Alumni Profile:
Practicing Innovation
Joseph Iannotti works to bring healthcare into the future.
by BRIDGET M. KUEHN
Joseph Iannotti ’79 MD, PhD, has big plans for Cleveland Clinic Florida. As chief academic and innovation officer at Cleveland Clinic, he’s looking to expand the institution’s academic footprint to make it a clinical and research powerhouse like its namesake in Ohio.
It’s a tall order, but in the last several months, Iannotti has made considerable headway. This fall, he and his colleagues will open a brand-new research facility — the home of a new immunology-focused basic research program that is a collaboration among Cleveland Clinic Florida, Florida International University, and the Australian biotechnology company Vaxine.
“Our focus is going to be on development of new vaccines,” Iannotti says. “There are a lot of worldwide pandemics, and some of the vaccines we have are not that effective.”
The center will also conduct immunobiology research on neurodegenerative diseases and cancer. This ambitious effort is the latest in a career that has spanned three major universities and has married clinical care with research.
“I’m most proud of the fact that I’ve been able to successfully bridge clinical care with research — not just in my own career but at an institutional level,” he says. “I’ve been able to grow and develop programs I’m very proud of in Cleveland and, now, in Florida.”
CAREER MILESTONES
Bench to Bedside and Beyond
Attracted to Northwestern by its excellent Orthopaedics Program (“It was a great experience and foundational to being a good doctor,” he says of his time at the medical school), Iannotti was also drawn to basic science.
After Northwestern, he pursued a graduate degree at the University of Pennsylvania, where he finished his residency in 1984 and his graduate degree in cell biology in 1987. He stayed on at the University of Pennsylvania for 20 years, conducting laboratory-based basic science research while treating patients with shoulder injuries. He rose to the rank of tenured professor of orthopedic surgery and head of the Penn Shoulder and Elbow Service before joining the faculty of the Lerner College of Medicine of Case Western Reserve University and Cleveland Clinic in Ohio in 2000.
At the Cleveland Clinic, he became chairman of the Orthopedic and Rheumatologic Institute and co-director of its Orthopedic Research Center with a joint appointment at the Lerner College of Medicine’s Department of Biomedical Engineering. Receiving a NIH R01 grant as a co-prinicipal investigator allowed him to focus his research on understanding how rotator cuff tears heal after surgery.
“That work has been important in terms of trying to develop different ways to improve tendon healing after surgery,” says Iannotti. He holds 120 United States patents, including many of which are for implants that are currently widely used for shoulder replacements, and in 2016, he was inducted into the National Academy of Inventors.

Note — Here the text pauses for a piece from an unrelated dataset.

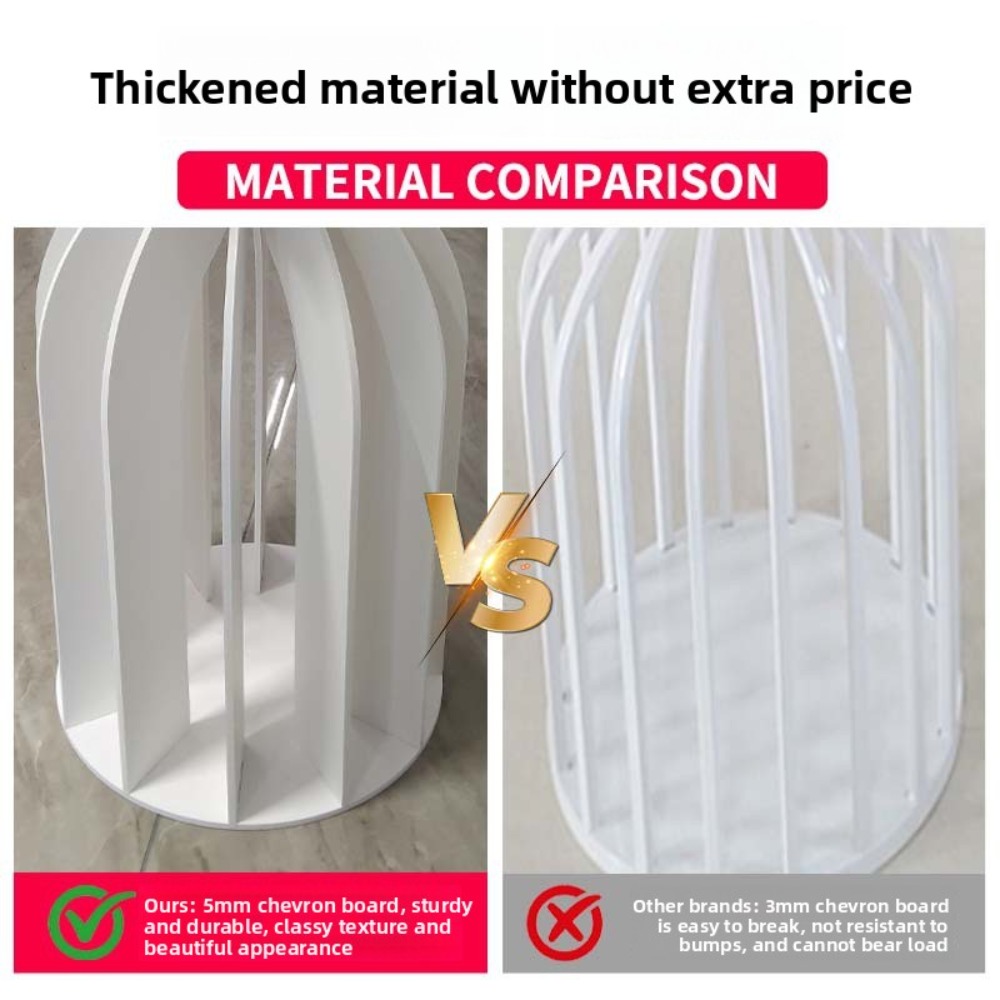 Hourglass PVC Roman Column Flo - đánh giá và giá Wedding Supply Rentals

Being a good doctor is a basic requirement, but if you can advance the field through discovery and innovation, you can contribute more to healthcare and the public.
Joseph Ianotti
“With our team, I’ve developed pre-operative planning software and patient-specific instrumentation for joint replacement surgery, as well as software and imaging techniques to better analyze the outcomes after shoulder replacement surgery,” he adds. He has also authored three textbooks and more than 350 original peer-reviewed articles, and book chapters.
annotti served in those dual research and clinical roles for 18 years before moving to Florida last November to become chief of staff at Cleveland Clinic Florida Health System, which includes five hospitals in Southeast Florida, and he remains a Professor of Surgery at the Cleveland Clinic Lerner College of Medicine of Case Western University. In his role as chief of staff, he helps boost clinical care, recruit physicians, and grow the organization’s clinical enterprise. But he’s most passionate about his joint role as chief academic and innovation officer.
“I’m in a lucky place to be able to do something I love,” he said.
Forecasting the Future
Some of Iannotti’s most recent research focuses on the ways that telemedicine and other technology may advance medical care in the future.
“Telemedicine is an emerging area in the delivery of high-quality care at the right price point,” he says. He explains that traditional face-to-face medical appointments that may last just five minutes, but require making appointments weeks in advance, don’t work for many patients. As a result, many patients resort to consulting Dr. Google. Iannotti sees a middle ground, where technology can help patients get the care they need. CVS and Amazon, he points out, are already trying to find it.
“These large groups are providing healthcare in the seam between the Internet and traditional brick-and-mortar healthcare,” he says. He also sees opportunities for innovation in the reams of data becoming available through mobile technology.
Iannotti encourages other physicians to make innovation a central part of their practice.
“Being a good doctor is a basic requirement, but if you can advance the field through discovery and innovation, you can contribute more to healthcare and the public,” he says.